等酒杯空得一滴不剩,肖韜素才哼笑:「那日在壽宴上沒太看清,這小子果然生了副好皮囊,做下人是不是可惜了?」
「可惜?可惜什麼?」李庭霄笑呵呵的。
「煜王一貫不解風情,瞧你這府上冷清的……」肖韜素怪笑了一聲,捏住白知飲的肩膀板正,仔細端詳,「若換作是本相,非用個一兩晚,好好跟這小奴隸展示我湘國男子雄風!」
白知飲喝多了,遲滯半拍才聽懂肖韜素話中含義,渾身一顫,忙掙脫他的手向後蹭出一段,雙拳緊緊扣住大腿,惶恐的模樣甚是可憐,惹得肖韜素怪笑起來,眼神卻愈發肆無忌憚。
李庭霄看了白知飲一眼:「殘的,右相也不嫌棄?」
「這不是被殿下遮得很好?」肖韜素說罷,竟探手去摘白知飲的額帶,「其實,也許別有一番風情。

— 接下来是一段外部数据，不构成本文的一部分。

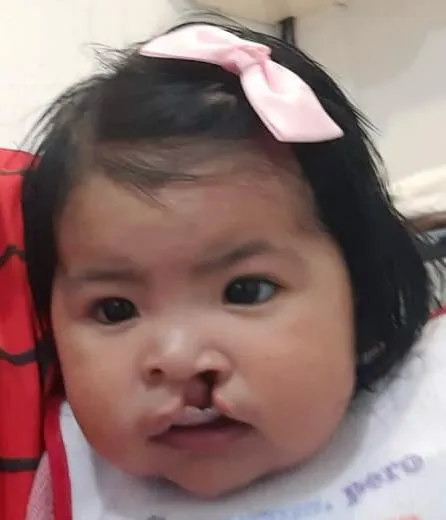 Mia, en brazos de su familia, antes de su cirugía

」
白知飲忙往後躲,肖韜素一下沒夠到,手停在半空,隨即作罷。
李庭霄用力摩挲著手中青瓷杯,笑容卻是淡淡的:「都說右相通吃,竟然是真的啊?既然有雅興,那便將人帶回去?」
白知飲猛然抬眼看他,滿是驚詫。
他知道自己好看,所以一直在極力掩飾。
在獄中時,他的臉上是奴印,是亂蓬蓬的頭髮,是抹不淨的血和泥;在沙場上,他的臉上是面具,青面獠牙鬼氣森森,令人退避三舍;到了湘國,他本以為一切都能重新開始,想不到,卻是墜入了另一個地獄。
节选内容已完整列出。